Built between 3,000 and 2,400 BCE, the four-celled cairn is an excellent example of a Neolithic chamber tomb used for ancient burials by the earliest agricultural communities in the region. In 1901, scientists excavated 24 dog skulls and their bones from the tomb, along with at least eight humans.

The Cuween Hill Chambered Cairn in Orkney. Photo: Historic Environment Scotland

The decades that followed brought new technologies like radiocarbon dating that confirmed the dog bones were placed in the chamber more than 500 years after the passage tomb was built. This suggests that dogs played an important role in ancient human society and were buried for ritualistic purposes.

“Just as they’re treasured pets today, dogs clearly had an important place in Neolithic Orkney, as they were kept and trained as pets and guards and perhaps used by farmers to help tend sheep,” HES interpretation manager Steve Farrar said in a statement.

“But the remains discovered at Cuween Hill suggest that dogs had a particularly special significance for the farmers who lived around and used the tomb about 4,500 years ago. Maybe dogs were their symbol or totem, perhaps they thought of themselves as the ‘dog people.’”

Model created from dog skull discovered at Cuween Hill Chambered Cairn, Orkney. Photo: Historic Environment Scotland

Flash forward to 2019: researchers CT-scan one of the dog skulls in order to make a 3D print. Then, forensic artist Amy Thornton creates a realistic model of the dog’s head, muscle, skin, and hair – all of which are particularly challenging given the limited existing data, such as tissue depths, in canine skulls.

Thornton built a clay sculpture from the 3D print using traditional methods and then cast it in silicone, finishing it in a fur coat resembling that of a European grey wolf. Researchers suggest the dog was around the size of a modern collie.

HES says this is the first attempt to reconstruct an animal from this time.
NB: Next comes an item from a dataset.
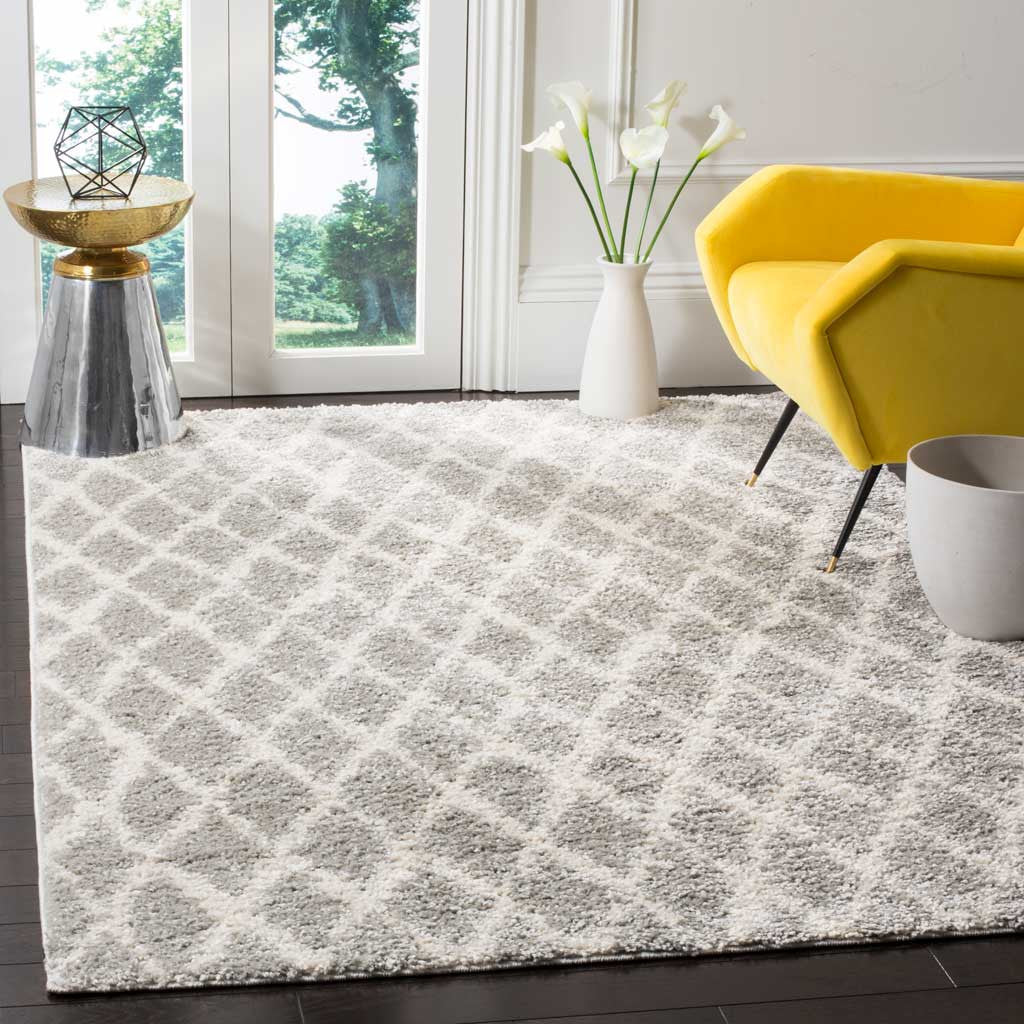 Plush gray and cream diamond-patterned shag adds warmth beneath a bright yellow chair.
Model created from dog skull discovered at Cuween Hill Chambered Cairn, Orkney. Photo: Historic Environment Scotland

“Looking at this dog helps us better relate to the people who cared for and venerated these animals, people whose ingenuity and sophistication made Orkney such an important place in the Neolithic and who have left us with such a rich legacy of monuments today,” says Farrar, and we can but agree.